Deviations from the velocity predicted by modelling Anatolia as a rigid block coincide with regions of elevated strain accumulation. Block modelling predicts ~10 mm/yr of convergence across the North Anatolian Fault that is not seen in the data. This is interpreted as evidence for non-rigid behaviour within the Karliova triple junction.

I concluded that the Anatolian plate acts, overall, as a rigid block, except in the triple junction. This finding suggests that the greatest seismic hazard is localised along the North and East Anatolian Faults.

Keywords: ENVISAT, InSAR, GPS, earthquakes, Anatolia, Karliova Triple Junction.


It is expected that in the twenty-first century 2.57±0.64 million people will be killed by earthquakes worldwide (Holzer and Savage, 2013: 155). Earthquakes can occur wherever regions of the earth move relative to each other. This condition is most obviously met at plate boundaries, where large-scale narrow discontinuities separate the earth's tectonic plates. Earthquakes are also observed within continental interiors, however, and the region over which they occur here can be relatively broad. The relative motions within continents are also often smaller compared to plate boundaries and so the conditions required for an earthquake will be met less frequently (Liu et al., 2011: 128-132). The infrequency of large earthquakes within continents has meant many hazardous continental regions are unknown, leaving the population in these areas unaware of the potential seismic risk (England and Jackson, 2011: 348).

Figure 1: Tectonic setting of the Anatolian region

Figure 1: Tectonic setting of the Anatolian region.

The red box highlights the Karliova triple junction, also shown are the right-lateral North (NAF) and left-lateral East (EAF) Anatolian Faults. GPS vectors were from several studies, with respect to a fixed Eurasia (Aktug et al., 2012; Tatar et al., 2012; Yavaşoğlu et al., 2011; Alchalbi et al., 2010; Ozener et al., 2010; Aktug et al., 2009; Reilinger et al., 2006). Error ellipses indicate 95% confidence bounds. GPS vectors show an east-west velocity gradient and counter-clockwise rotation corresponding to extension across Western Anatolia.

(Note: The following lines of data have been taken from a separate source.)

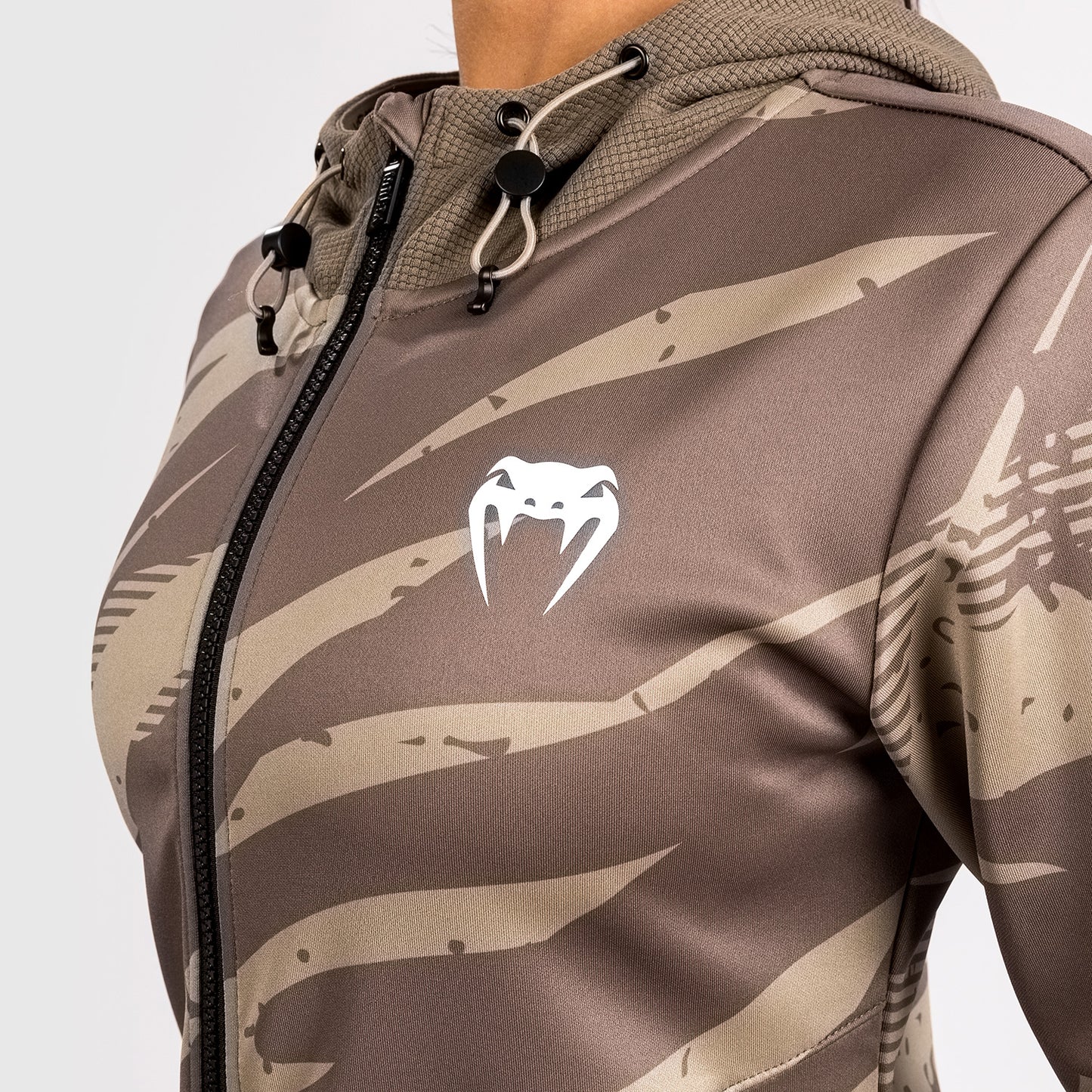 UFC Adrenaline by Venum Fight Week Felpa Con Cappuccio e zip da Donna - Desert Camo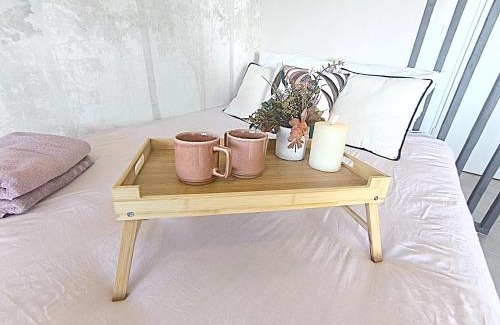 Mons-en-Baroeul Apartamento | LeRelaisdOdile - Idéal PRO & Couple - Studio Cosy - Proche Metro - Parking Gratuit - Mons-en-Barœul - - WIFI HD - Smart TV - Entrée Autonome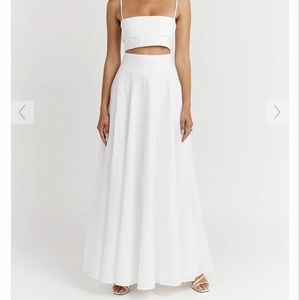 AISLE WHITE LINEN LONG SKIRT AND SHIRT SET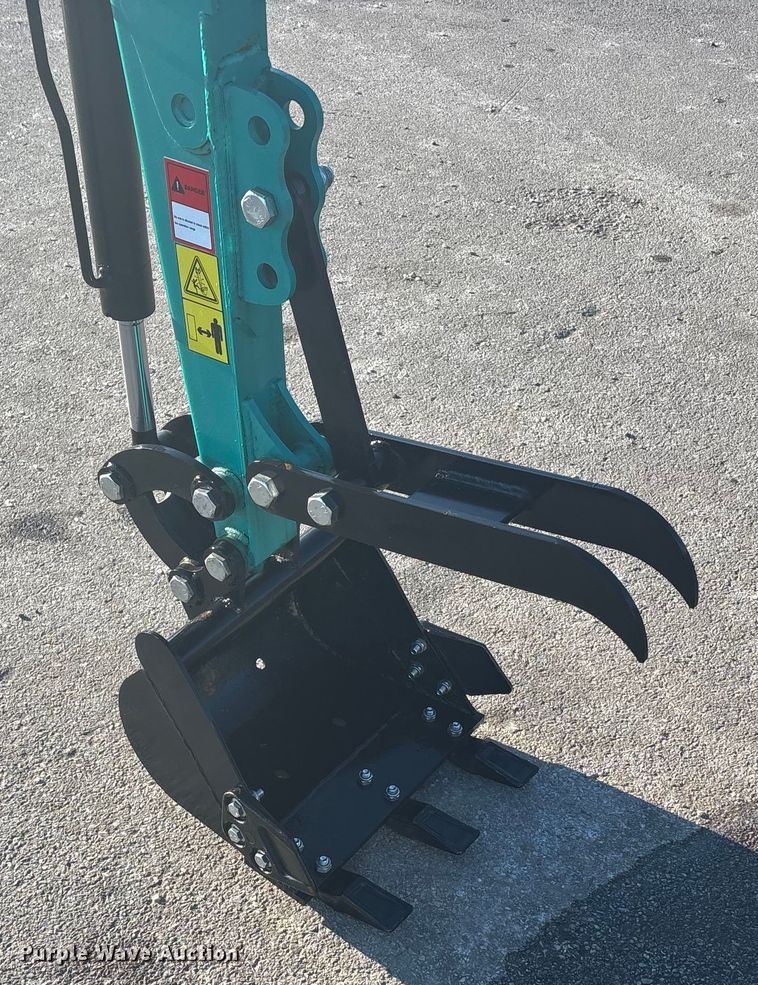 image for item FG1512 CFG Industrial MH12RX mini excavator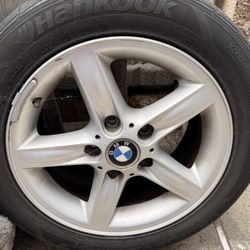 BMW 325 16” Wheels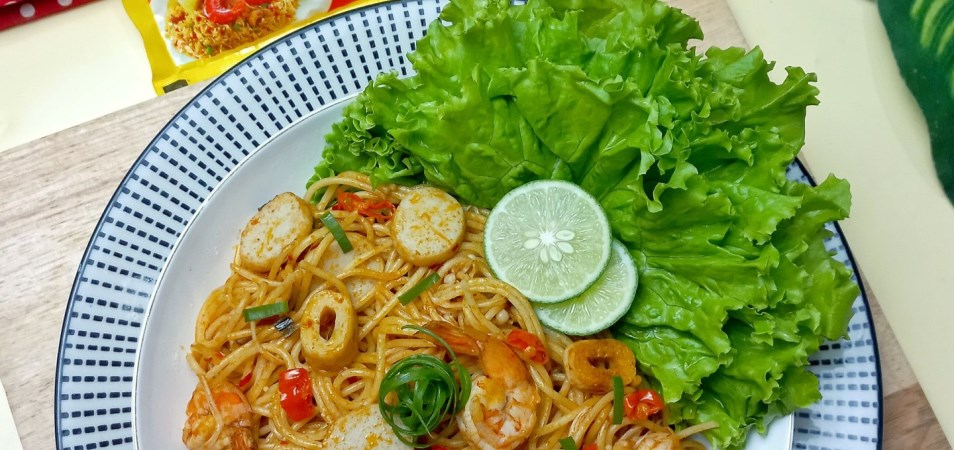 Spaghetti Tomyam Goreng Seafood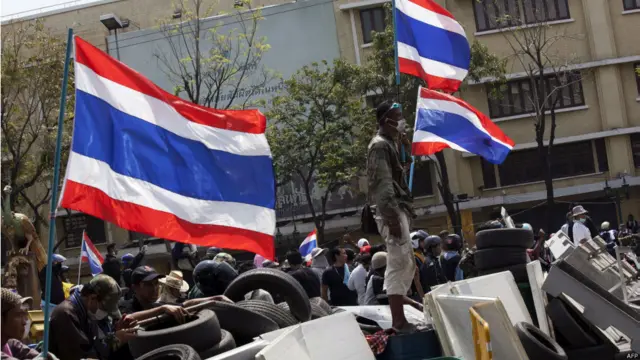 Demonstran berhadapan dengan polisi Thailand. Foto: KC Ortiz/AFP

In this article the strain accumulation directly across the triple junction region in Eastern Turkey, where the North and East Anatolian Faults meet (Figure 1) is quantified to investigate how and where the ground is deforming. Estimations of the distribution of strain accumulation across the North Anatolian Fault (NAF), East Anatolian Faults (EAF) and the Anatolian plateau have already been made by Walters (2012), who found that it is concentrated around the faults, as expected for rigid deformation. This article investigates whether the predictions made by Walters (2012) of strain rates and the style of deformation within the triple junction are correct given the inclusion of InSAR data from across it. It was expected that strain rates would be low (Walters, 2012), so InSAR was used in conjunction with GPS data to measure ground deformation (Figure 2). This is the first time the strain accumulation directly within triple junction has been investigated using InSAR and GPS data. Predictions of the velocity field, the rate and distribution of ground motion, by a block model by Walters (2012), however, found that where the major faults meet, rigid deformation produced residuals of up to 10mm/yr, hinting at non-rigidity. This article compliments Walters (2012) by including InSAR data from across the triple junction region to test whether reduced uncertainty influences the fit of block modelling. The extent and magnitude of any misfit gives an indication of regional departures from rigidity. The consequence of this is to determine whether the seismic hazard in Eastern Anatolia is confined to the major faults (as predicted by block modelling) or distributed diffusely.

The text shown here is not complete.